▶ [What you will do]: From the first line to the last, retype everything below exactly, minus the pictures.

⟨

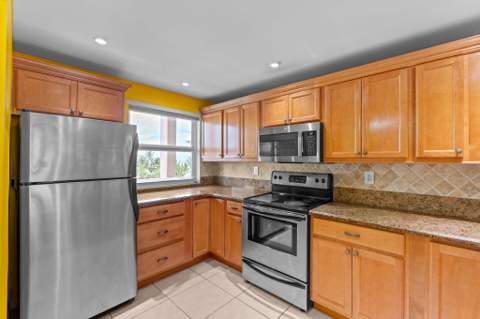 1069 Hillsboro Mile #503, Hillsboro Beach FL - photo 8 of 53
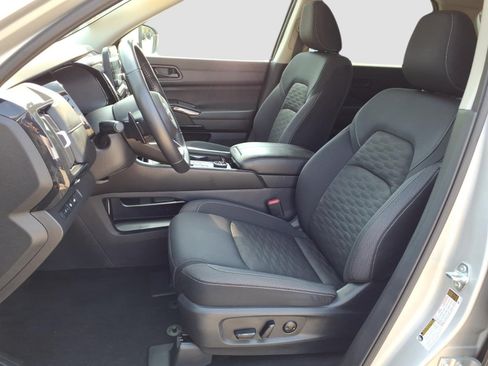 Used 2025 Nissan Pathfinder SV AWD/4WD image 12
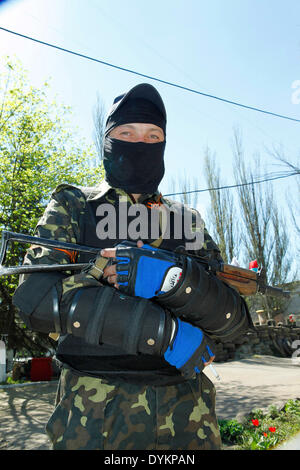 Sloviansk, Ukraine. 21st Apr, 2014. In photo: Militians have stopped the photographer. Sloviansk. PH Cosimo Attanasio Photo by Cosimo Attanasio in Sloviansk (Ukraine), the photographer was stopped for few hours by pro-Russian insurgents and later released with a French reporter and a Belarus journalist. Credit:  Cosimo Attanasio/Alamy Live News Stock Photo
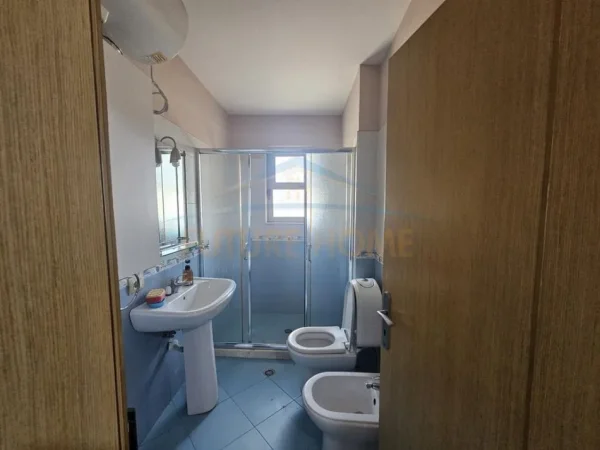 Tirane, shitet apartament 3+1 Kati 5, 112 m² 160.000 € (Tregu Elektrik)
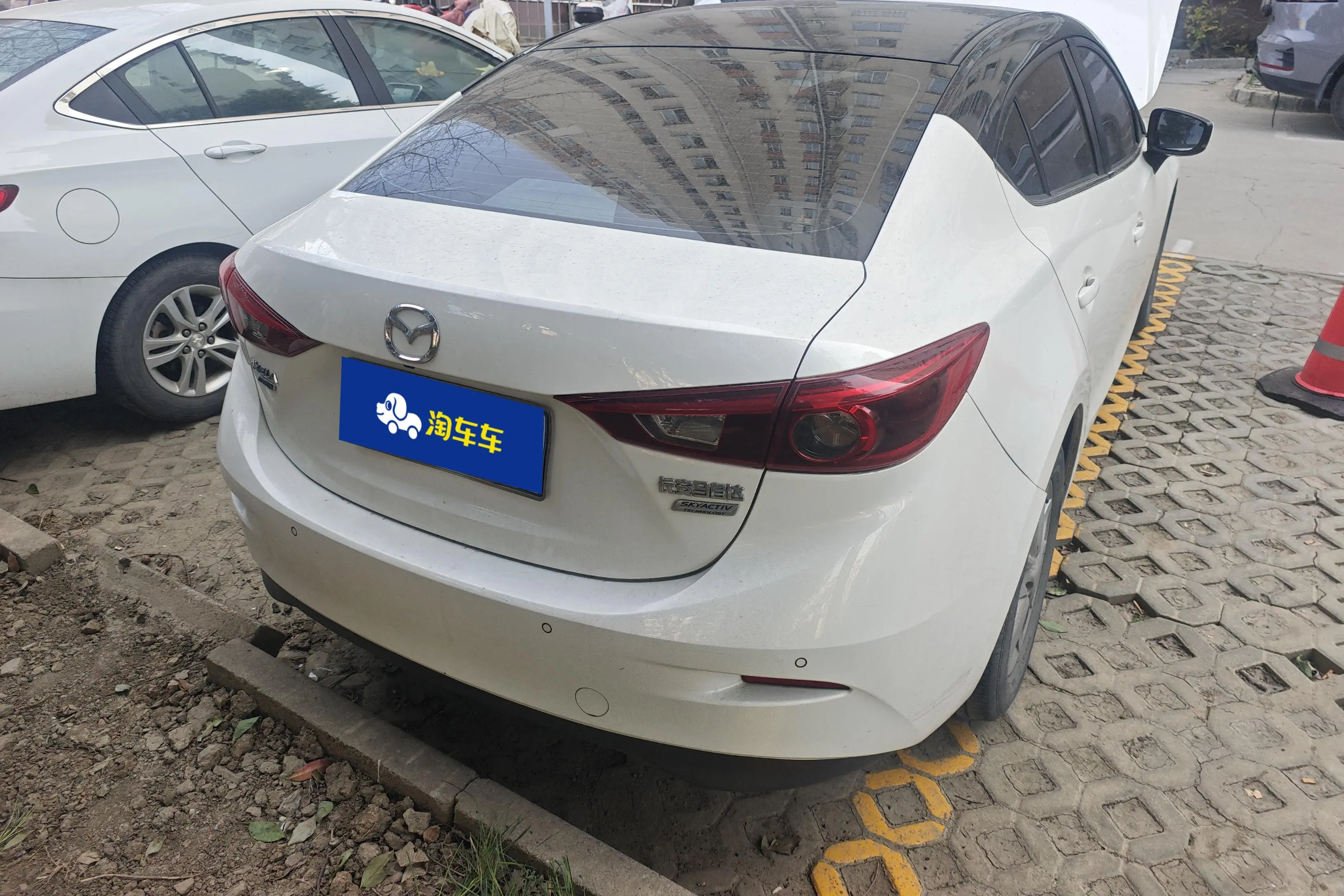 Mazda Axela (Mazda3)  из Китая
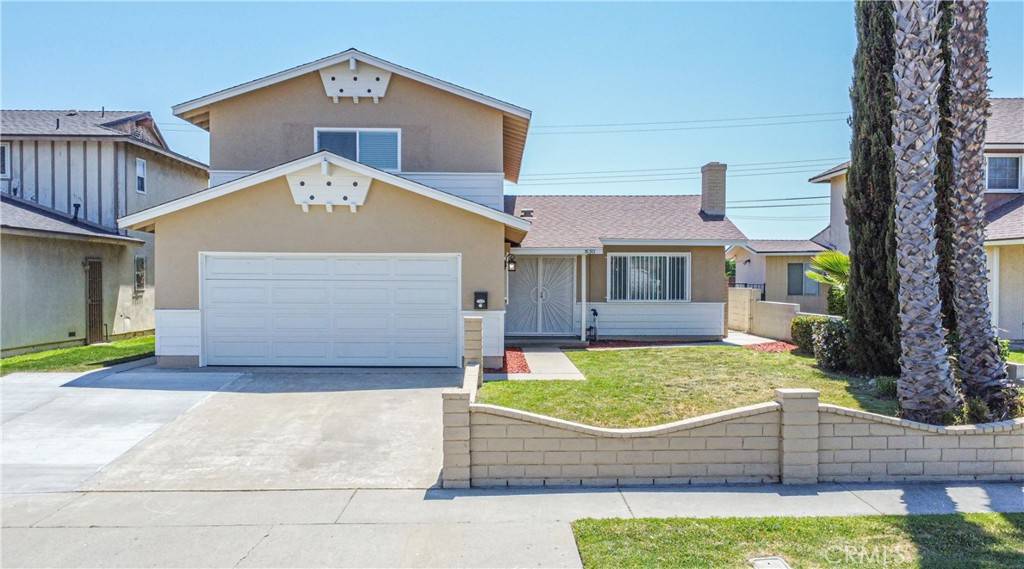 Compton, CA 90220,830 E Darlan ST
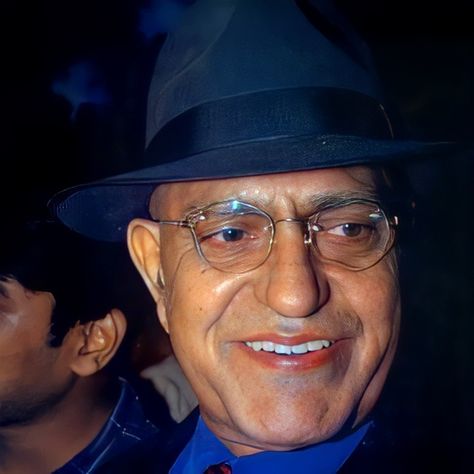 Amrish puri Amresh Puri, Raja Hindustani, Om Puri, Amrish Puri, Richard Attenborough, Blockbuster Film, Indian Man, Indian Artist, Acting Skills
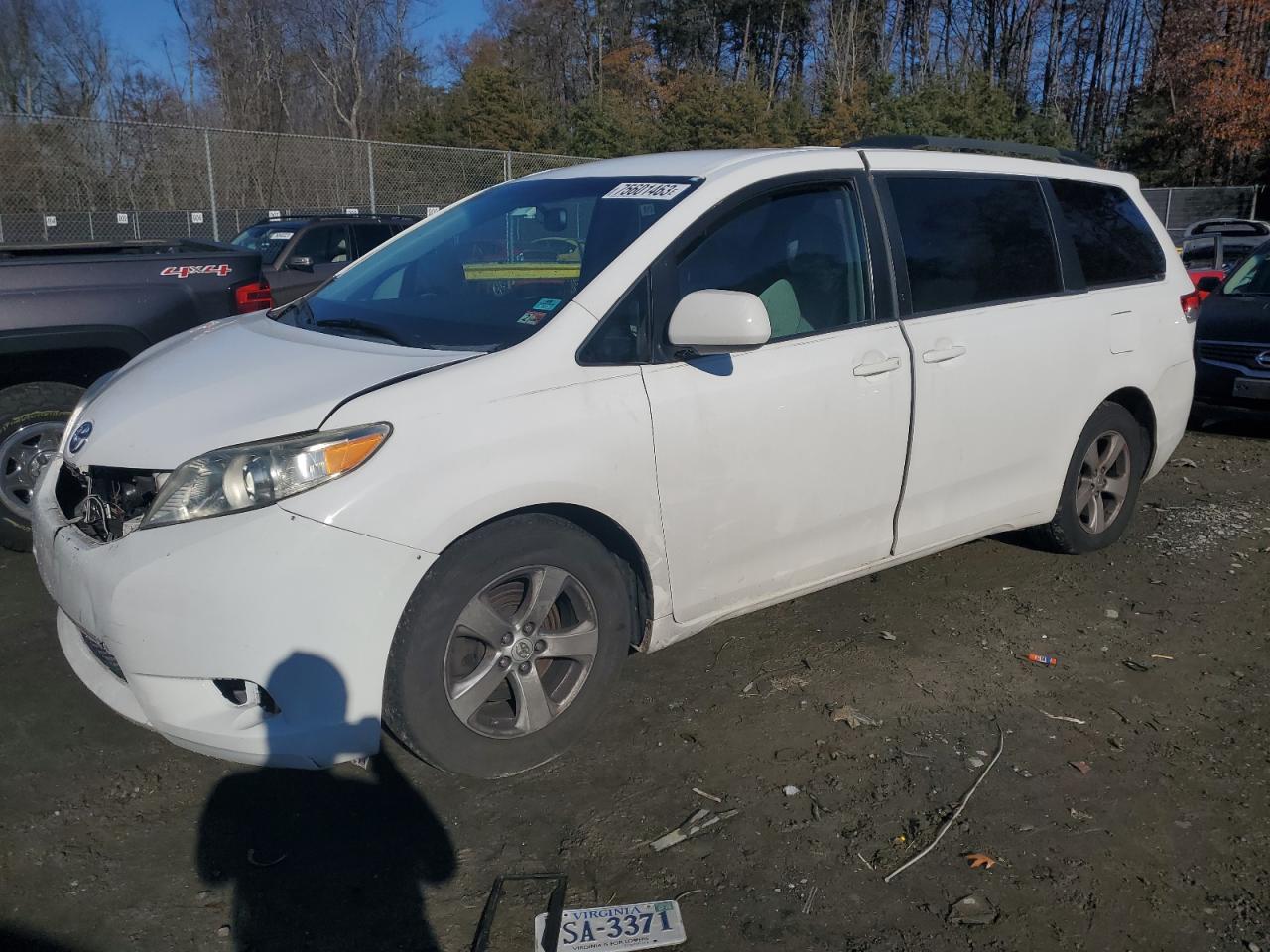 toyota sienna 2011 5tdkk3dc4bs011379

⟩

▶ [Response]:
 1069 Hillsboro Mile #503, Hillsboro Beach FL - photo 8 of 53
 Used 2025 Nissan Pathfinder SV AWD/4WD image 12
 Sloviansk, Ukraine. 21st Apr, 2014. In photo: Militians have stopped the photographer. Sloviansk. PH Cosimo Attanasio Photo by Cosimo Attanasio in Sloviansk (Ukraine), the photographer was stopped for few hours by pro-Russian insurgents and later released with a French reporter and a Belarus journalist. Credit:  Cosimo Attanasio/Alamy Live News Stock Photo
 Tirane, shitet apartament 3+1 Kati 5, 112 m² 160.000 € (Tregu Elektrik)
 Mazda Axela (Mazda3)  из Китая
 Compton, CA 90220,830 E Darlan ST
 Amrish puri Amresh Puri, Raja Hindustani, Om Puri, Amrish Puri, Richard Attenborough, Blockbuster Film, Indian Man, Indian Artist, Acting Skills
 toyota sienna 2011 5tdkk3dc4bs011379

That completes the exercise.